Подлинной ячейкой общества была ирландская fine, семейство в самом широком смысле слова, включающее в себя восходящие и нисходящие линии родства, его прямые и побочные ветви; таков же шотландский клан, включающий в себя подчас несколько тысяч че­ловек. Вне этой неделимой ячейки признаются только личные связи зависимости, вассалитета или подданства по отношению к важному лицу.

Не существовало никакого государственного права, регули­рующего взаимоотношения государства с государством или госу­дарства с личностью, хотя, разумеется, имелись изощренные законы, установления, правосудие, словом все то, что зовется теперь «обыч­ным правом». Кельтская концепция государства безгранично расширяет область частного права и, как следствие этого, почти сво­дит на нет право государственное. В гражданской или в уголовной области к суду обращается сам потерпевший, его семья или его представитель, и они же (с помощью юриста, помогающего избе­жать процедурных ошибок, сводящих на нет все дело) приводят в исполнение санкцию, предусмотренную законом или судебной прак­тикой.

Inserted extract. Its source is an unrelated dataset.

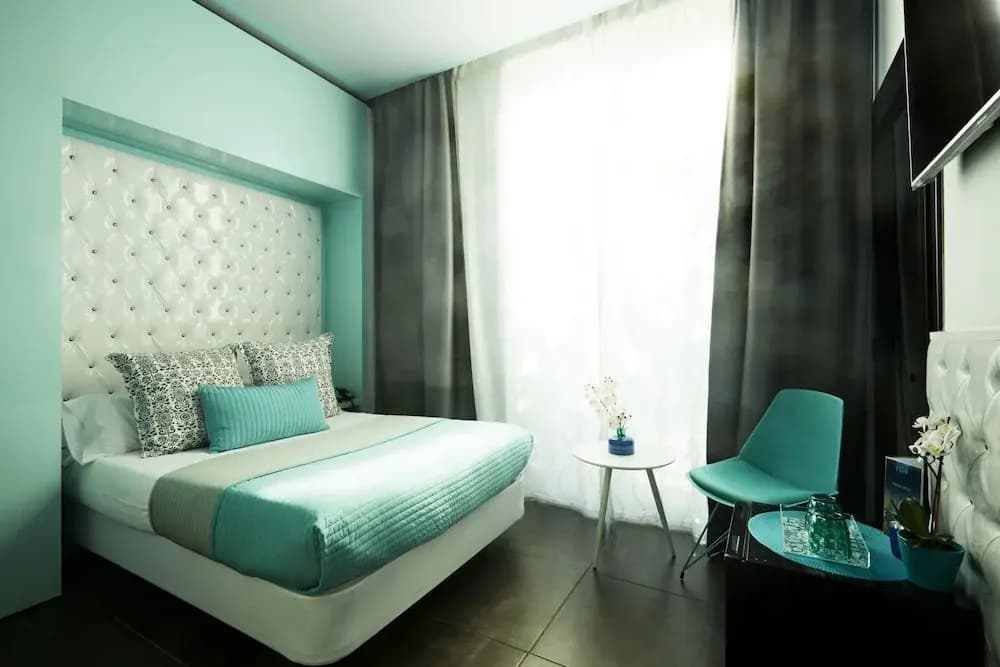 Hotel 54 Barceloneta - photo 8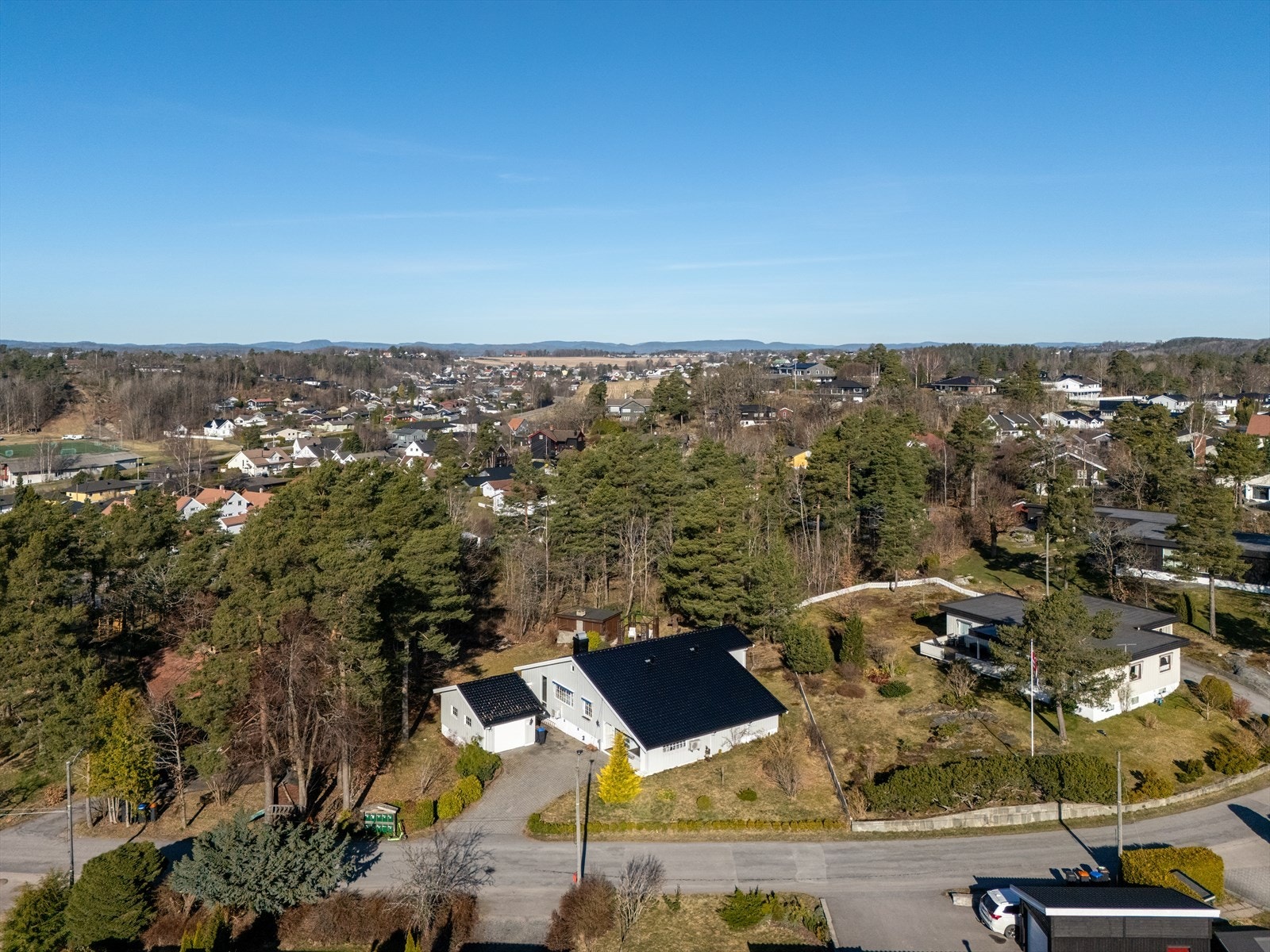 - Velkommen til visning - Galleribilde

Вовсе не будучи закоренелыми и меланхоличными мечтателя­ми, какими их изображали романтики, кельты античности и средне­вековья обожали судебные процедуры со всем их крючкотворством, словесными уловками и хитросплетениями: одним из самых значи­тельных памятников средневековой ирландской литературы являет­ся Senchus Мог («Великая старина»), сборник правовых установле­ний, которые, несмотря на английскую оккупацию, применялись вплоть до XVIII в. Нет практически ни одного средневекового ир­ландского текста, мифологического или эпического предания, кото­рые бы не содержали юридическую ссылку или прецедент.

В случае убийства или оскорбления, нанесения материального или морального убытка закон ограничивается установлением виры (eneclann «очищение лица» или «цена чести»), которую убийца или другой преступник, если он хочет избежать кровной мести, должен выплатить пострадавшему или его семье, в зависимости от возраста, пола и социального положения пострадавшего.

Иначе говоря, такая система из поколения в поколение поддер­живала как проявления неискупленной вражды, так и верности, про­тивостоя всем испытаниям и находясь поверх добра и зла. Поэтому горе тому, у кого нет многочисленной семьи и обильного потомства: сильных и храбрых юношей, способных защитить его под старость, и красивых дочерей, за которых можно получить богатый выкуп от женихов, новые ресурсы и союзников. Потому-то как в Ирландии, так и в Галлии I века до н. э. одинокий, бедный, слабый человек под­падает под власть человека сильного, который в обмен на свободу может обеспечить его безопасность. Factiones, о которых говорит Цезарь, были социальным и политическим галльским феноменом, наиболее очевидным в этой системе; в Ирландии это были войны между кланами, между королями туатов и пятин. Однако война была эндемическим состоянием, которое в Ирландии, как представляется, не было разрушительным для демографии.

Война мыслится как частное дело и смыслом ее становится по­единок. В саге «Похищение быка из Куальнге» (Tain Bo Cualnge) ге­рой Кухулин в одиночку останавливает армию четырех ирландских королевств, объединившихся против Улада: он заключает с короле­вой Медб договор, по условиям которого та будет каждый день, ра­но утром, посылать ему воина, которого он должен сразить. Убивая очередного противника днем, он прекращает действовать своей пращой, как только наступает ночь.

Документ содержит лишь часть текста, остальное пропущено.